Reproducibility: Yes

Additional Feedback: What is the effect of computing the actual max marginals in decoding vs approximating it by only using the n-gram score? In the result tables, it may improve clarity and consistency to use M instead of "iterations". --- Thanks for the response and clarifications.

Review 3

Summary and Contributions: This paper proposes a new non-autoregressive text generation algorithm using cascaded decoding. The authors proposed a Markov Transformer, which can compute the log-potentials efficiently. The proposed method can be parallelized to get good efficiency during inference. The method gives comparable performance against baselines.

Strengths: Proposed method is general, so it can be applied on many variations of transformer models. Experiment details are clearly described. The proposed method is thoroughly compared with several baselines.

Weaknesses: The clarity, especially the method part needs to be improved. (See Clarity). Since the proposed method does not outperform other models in BLEU, it's necessary to have more discussion. For example, why other methods can not reach same level of parallelism.

Correctness: The method is likely to be correct.

Clarity: The explanation to the method (Sec. 3 and 4) is difficult to understand. I'm not very familiar with non-autoregressive text generation, so I don't fully understand how the generation process works. For example, figure one explains how to get K size-3 spans, but it's unclear how to decode a full sentence using these 3-spans. I would suggest to give a real example on how the algorithm generates a sentence. Notations are not clear. - In line 92, X(x_{i:j}) represents "set of sequences that contain a span x_{i:j}", it's unclear to me if it should appear at the same position or not. - What are C, P and S in TreeMM? Line 100 "wih" -> "with"
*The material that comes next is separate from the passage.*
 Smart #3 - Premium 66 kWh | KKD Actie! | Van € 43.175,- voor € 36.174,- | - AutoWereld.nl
Relation to Prior Work: Yes.

Reproducibility: Yes

Additional Feedback: After the authors clarified a few questions in the response, I read the paper again. I feel the algorithm is clear and interesting. But I didn't give a score higher than 6 mainly because the method sections need to be improved.

Review 4

Summary and Contributions: Main Contribution: This paper proposes a cascaded decoding approach with a Markov transformer architecture. The authors also apply treeDP on the decoding process for higher decoding speed, which supports computation in parallel. The cascaded approximation can be computed in parallel in O(MK^2logL).
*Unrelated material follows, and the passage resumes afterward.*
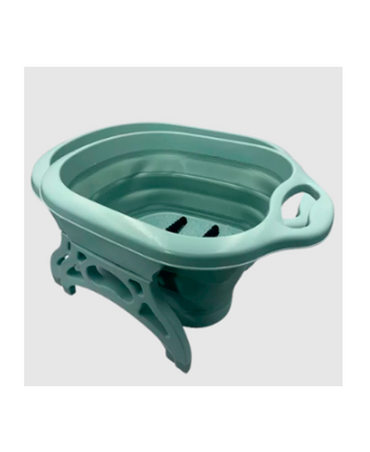 SWEET NATURAL SPA FLEX BATH TINA PARA PIES PLEGABLE COLOR MENTA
Strengths: Strength: The proposed idea is novel. Motivated by semi-autoregressive training, the authors propose a Markov transformer architecture and a new cascaded decoding approach. The usage of TreeDP is natural and elegant. Compared with AT-based decoding approaches, the speedup performance is significant. The proposed approach achieves large speedup within little bleu decrease. The related work section is detailed. The paper is in well written.

Weaknesses: Missing some well-performing NAT baselines in experiments. Although the authors list sufficient work in Section 2, the empirical comparison in experiment is limited. Many recent baselines are missed. Compared with NAT-based decoding approaches, the performance improvement is marginal. For example, Levenshtein achieves higher results than the proposed model with similar speedup performance. Also, some NAT approaches have great potential to accelerate decoding, like imitate-NAT and NART-DCRF. They can achieve extremely high speedup performance, like 10X and 18X. Although these approaches also bring large BLEU decays, I still have no idea whether the proposed approach can reach higher BLEU scores under such extremely cases.

Correctness: Yes

Clarity: yes

Relation to Prior Work: yes

Reproducibility: Yes

Additional Feedback: Minor: In line 26, the authors claim that “we can explore any level of autoregressive dependencies to achieve a speed/accuracy tradeoff”. It would be better to add a figure like Figure 3b to show the comparison between the proposed approach and literatures. In line 102-109, the details of treeDP are not clear. It is difficult for me to understand the whole process. To my knowledge, the performance of transformer implemented by fairseq (default version) on De-en should be around 34.7, higher than the reported score 34.4. There is a big margin between Table 1 and line 208. ======== I have read and taken into account the rebuttal.